Utilizzando una tecnica sterile, inoculare potenziali trasformatori che sono cresciuti dalla trasformazione in cinque millilitri LB più ampicillina seguendo la procedura precedentemente delineata. Isolare i plasmidi da ogni potenziale trasformatore ed eseguire una digestione di restrizione come descritto in precedenza. Eseguire i prodotti di reazione su un gel di agarosio, confrontando i potenziali trasformatori con il vettore vuoto.
Salvare eventuali trasformatori che si traducono in escissione di un inserto di dimensioni corretta per ulteriori studi. Dopo aver creato con successo il nostro plasmide, lo trasformeremo nello sfondo del lievito nullo ATG1. Prenderemo 15 milioni di cellule e le palttiamo, cosa che ho già fatto qui.
Dopo aver pellettato, rimuovere i supporti YPAD in cui stavano crescendo e lavare le cellule con acqua distillata. Dopo di che, prenderemo le cellule e le rimorneremo in acetato di litio da 100 millimolare. Li rimorneremo in 200 microlitri.
Resuspend il pellet di cella con pipettazione delicata su e giù. Dividi le celle in tubi di microfugo separati per ciascuna delle trasformazioni che eseguirai, utilizzando 50 microlitri di questo mix per trasformazione. A ciascuna delle trasformazioni, sarà necessario aggiungere 240 microlitri del 50%PEG.
PEG è molto viscoso, pipetta e misurare con molta attenzione. Mescolare con pipettazione dopo l'aggiunta del PEG e dopo ciascuno dei componenti aggiuntivi. Quindi aggiungi 36 microlitri di un acetato di litio molare, cinque microlitri di DNA dello sperma di salmone o altro DNA portatore, che è stato bollito per cinque minuti e posto sul ghiaccio, e infine cinque microlitri del plasmide per ogni trasformazione che eseguirai.
Vortice ogni tubo accuratamente da mescolare.
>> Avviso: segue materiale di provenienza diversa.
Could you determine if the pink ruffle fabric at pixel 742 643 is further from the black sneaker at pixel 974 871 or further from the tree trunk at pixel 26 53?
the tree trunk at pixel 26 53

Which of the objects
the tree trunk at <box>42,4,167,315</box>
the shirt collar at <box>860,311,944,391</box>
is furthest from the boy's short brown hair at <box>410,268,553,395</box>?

Incubare i campioni a 30 gradi centigradi per 45 minuti. Scaldarli a 42 centigradi per 10 minuti, quindi lavare le cellule una volta in acqua sterile, rimescolandole infine in 200 microlitri di acqua sterile.
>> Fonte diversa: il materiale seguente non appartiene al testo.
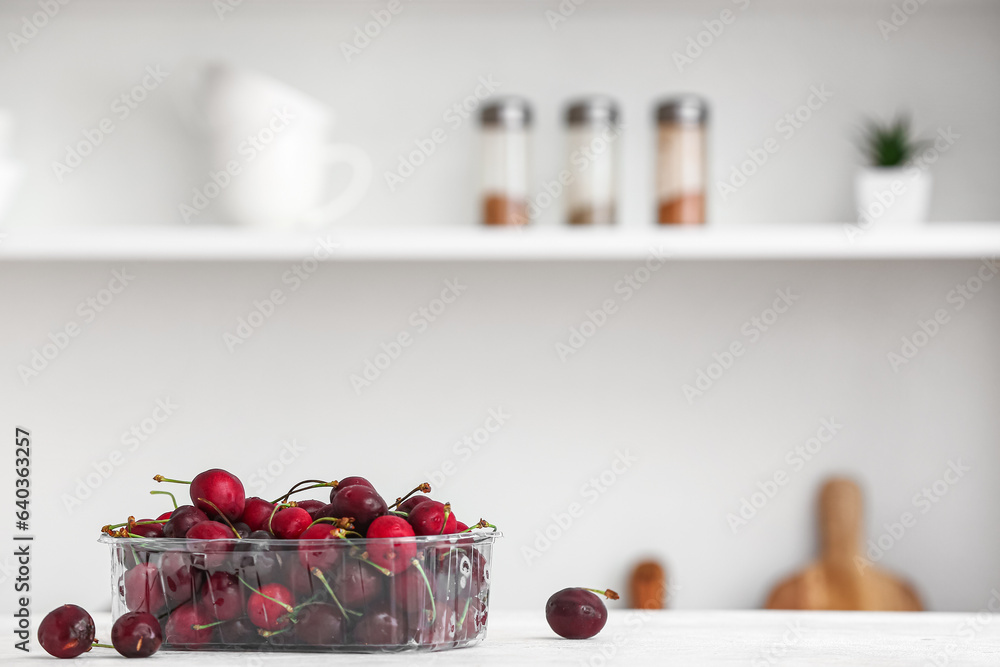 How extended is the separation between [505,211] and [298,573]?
0.72m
Impostare da uno a 10 e da una a 100 diluizioni di ciascuno dei ceppi trasformati di lievito e piastra 150 microlitri su piastre SC meno leu da selezionare per i plasmidi. Stendere le cellule in modo uniforme e uniforme e lasciare asciugare le piastre prima di invertirle e incubarle a 30 gradi centigradi, permettendo loro di crescere per 48-72 ore. Una volta clonato con successo il nostro gene da testare, testeremo l'effetto sulla durata cronologica dell'organismo.
Cresceremo il lievito, monitorando il numero di unità di formazione di colonie vitali che rimangono in funzione del tempo. Far crescere il lievito per primo per 72 ore in SC meno i mezzi liquidi di leucina con scuotimento a 30 gradi centigradi. Utilizzando un emocitometro, determinare la diluizione necessaria per consentire di placcare 500 cellule.
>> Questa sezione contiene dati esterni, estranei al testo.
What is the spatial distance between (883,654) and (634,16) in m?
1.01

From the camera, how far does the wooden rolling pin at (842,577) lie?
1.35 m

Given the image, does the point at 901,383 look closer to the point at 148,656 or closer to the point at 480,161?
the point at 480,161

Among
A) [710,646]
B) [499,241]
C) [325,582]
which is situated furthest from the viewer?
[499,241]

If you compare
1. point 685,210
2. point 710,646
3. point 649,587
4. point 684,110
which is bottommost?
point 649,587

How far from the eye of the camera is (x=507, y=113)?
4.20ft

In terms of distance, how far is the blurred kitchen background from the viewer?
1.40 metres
Usando una tecnica sterile, placcare le cellule su una piastra SC meno leu, permettendogli di asciugarsi e incubare invertita per tre giorni a 30 gradi centigradi, a quel punto cresceranno e puoi segnare la crescita della colonia e registrare quel punto di tempo. Dopo aver fatto il piatto, continuare a incubare il lievito a 30 gradi centigradi senza tremare. Inizialmente, ripetiamo la placcatura a intervalli settimanali, prendendo punti di tempo più frequenti se i nostri dati preliminari suggeriscono una soppressione del fenotipo di invecchiamento.
Per determinare la percentuale di vitalità, normalizziamo fino al giorno un punto di tempo per l'analisi. Assicurati di placcare la stessa diluizione ad ogni intervallo. Continua con questo processo fino a quando non vedi più crescere colonie.
È utile immettere le informazioni in un foglio di calcolo di Excel. Ciò ti consentirà di determinare rapidamente la vitalità di ogni ceppo al termine dell'esperimento.